Organize an action of your own
This is a great one and one I've never done solely on my own. I love taking a part in any kind of movement; however, and so last night I thought - well why couldn't myself and a couple of friends host that? We had an in depth conversation about this afterwards. Perhaps this is something that will come to fruition for me soon.
Big one. So important. There are so many times that people want to do something and they just don't know what. So start somewhere - read about it, go to lectures on it, attend webinars or seminars, volunteer with an organization close to the cause, and the list goes on. You can get involved by merely picking up a book (to start). It's easier than you think!
Speak up against injustice anytime you see it
If you are in line at the grocery store and someone is being treated wrongly, say it. Say it out loud. So often we hear injustices and pass them with a blind glance. Everyone thinks, "someone else will say something." But what if it could be you? What if someone else was you?
Listen to every single story
One of my favourite parts of last night was a woman who said, "When we connect and listen to each other's stories, we are already fighting the large forces of oppression." Listening is a radical force in itself. Really listen to other people's stories. Take a moment to figuratively walk around in their shoes. That in itself is so loving and so nourishing.
Deconstruct harmful thoughts and beliefs in everyday life
I think this is exactly what Maya Angelou is talking about up above. One of the panelists was a young man who works in marketing and studies marketing for men.

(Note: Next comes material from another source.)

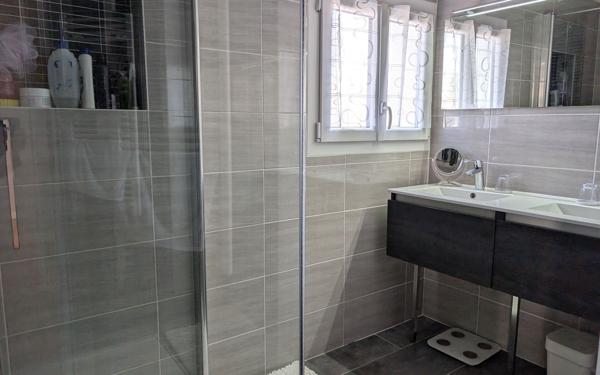 Appartement à vendre    4 pièces • 87,02 m2 Royan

He said often when a client is describing something to him they will simply say, "It looks too masculine." When he asks what masculine means to them, specifically, they start deconstructing it - it's too bold, too dark, too many harsh, straight lines, basically it's too foreboding. So he takes that opportunity to ask why that necessarily means masculine to them and starts a conversation that may shift their perspective. It really is a radical thought that you can start taking away negatives in any daily conversation.
Ultimately, it comes down to one thing.
You must be careful about the words you allow in your house. And by changing your daily interactions, you can change the world.